#### DATASET CONTENT
______________________________
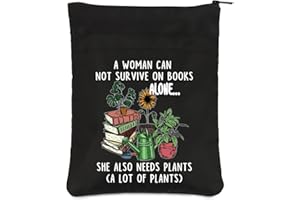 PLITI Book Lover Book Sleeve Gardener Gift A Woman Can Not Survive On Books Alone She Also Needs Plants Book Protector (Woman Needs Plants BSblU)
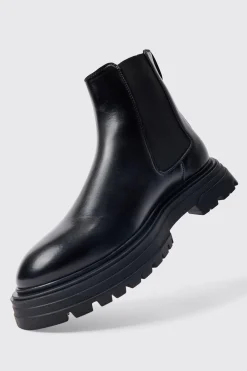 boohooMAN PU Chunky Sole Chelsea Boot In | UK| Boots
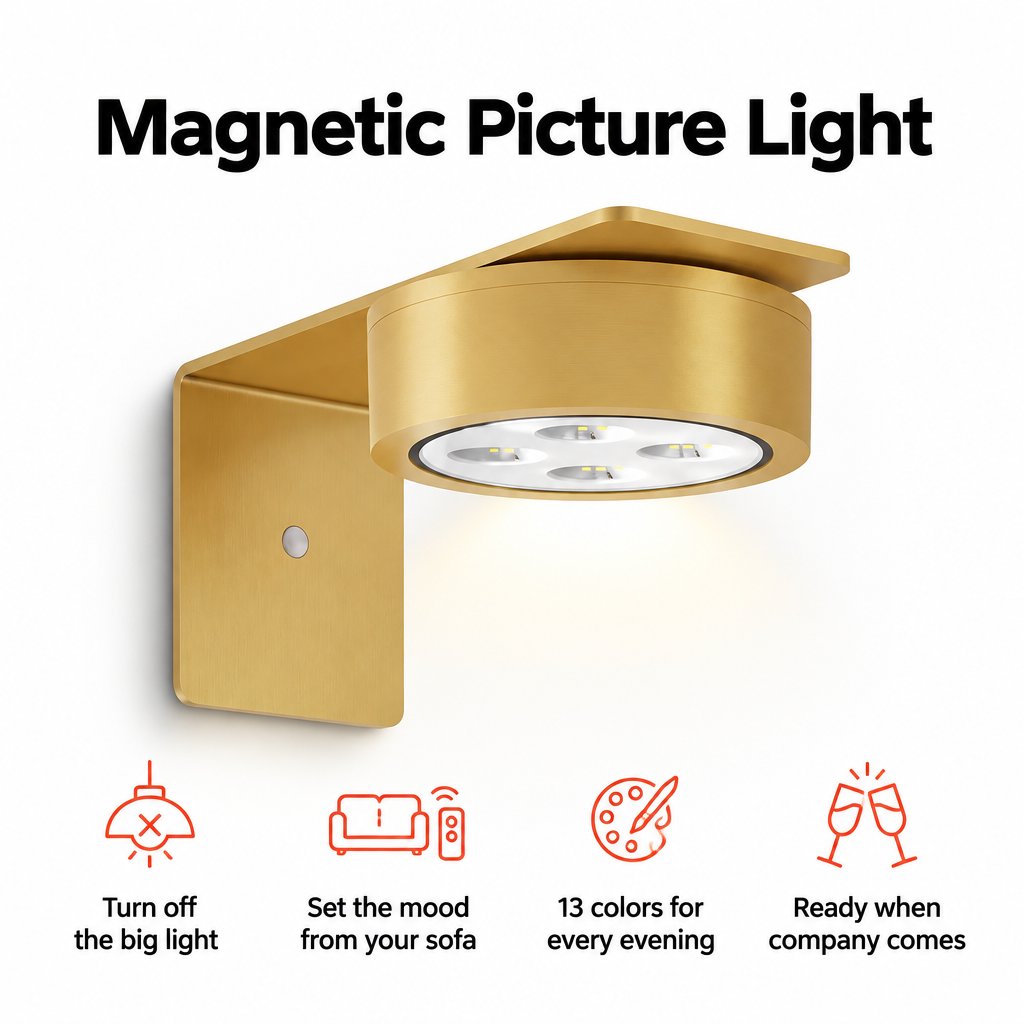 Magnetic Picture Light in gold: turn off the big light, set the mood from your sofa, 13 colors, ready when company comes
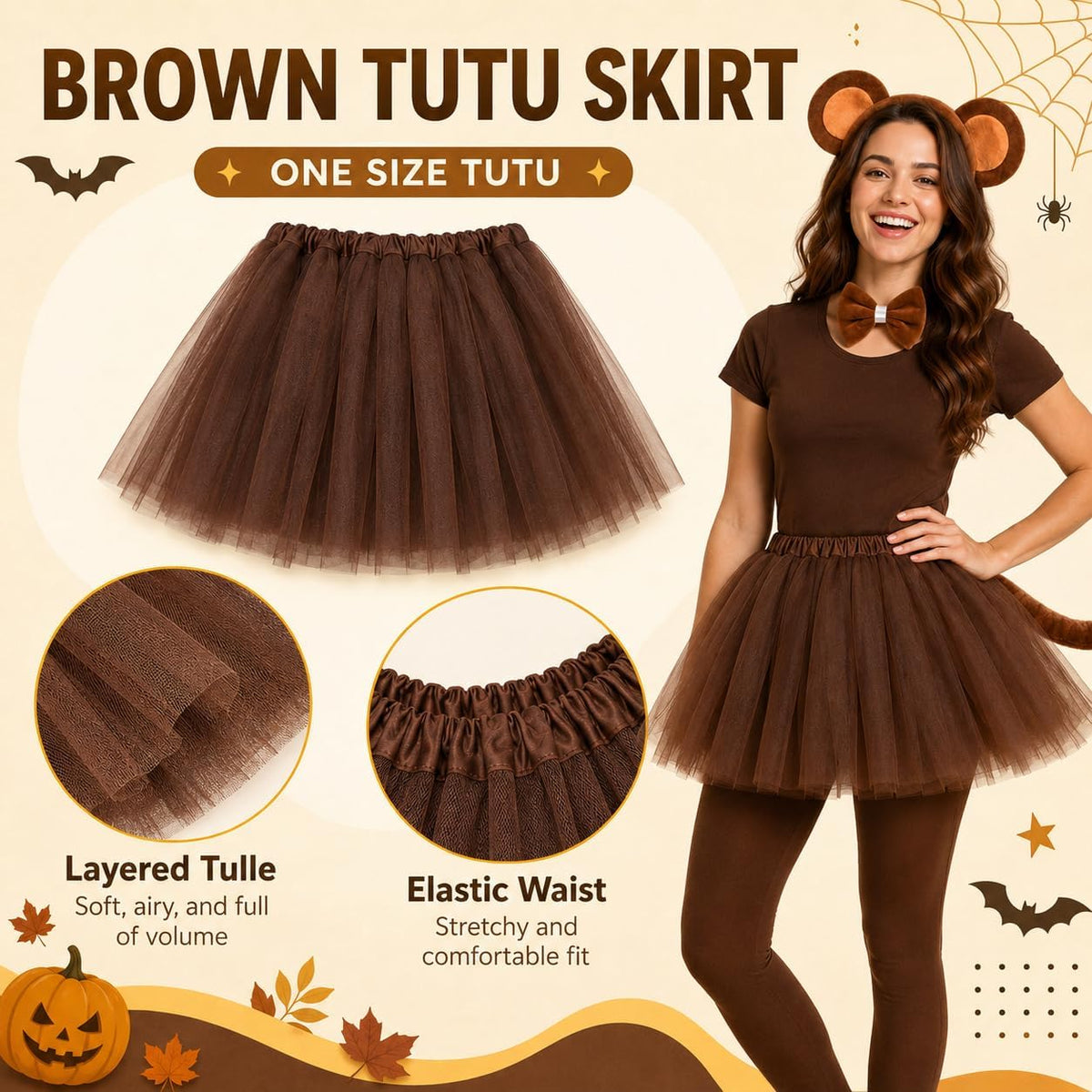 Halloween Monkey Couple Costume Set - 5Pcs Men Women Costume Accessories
______________________________
#### TASK DETAILS
Write the material out again exactly. Skip each picture.

#### ANSWER SPACE
 PLITI Book Lover Book Sleeve Gardener Gift A Woman Can Not Survive On Books Alone She Also Needs Plants Book Protector (Woman Needs Plants BSblU)
 boohooMAN PU Chunky Sole Chelsea Boot In | UK| Boots
 Magnetic Picture Light in gold: turn off the big light, set the mood from your sofa, 13 colors, ready when company comes
 Halloween Monkey Couple Costume Set - 5Pcs Men Women Costume Accessories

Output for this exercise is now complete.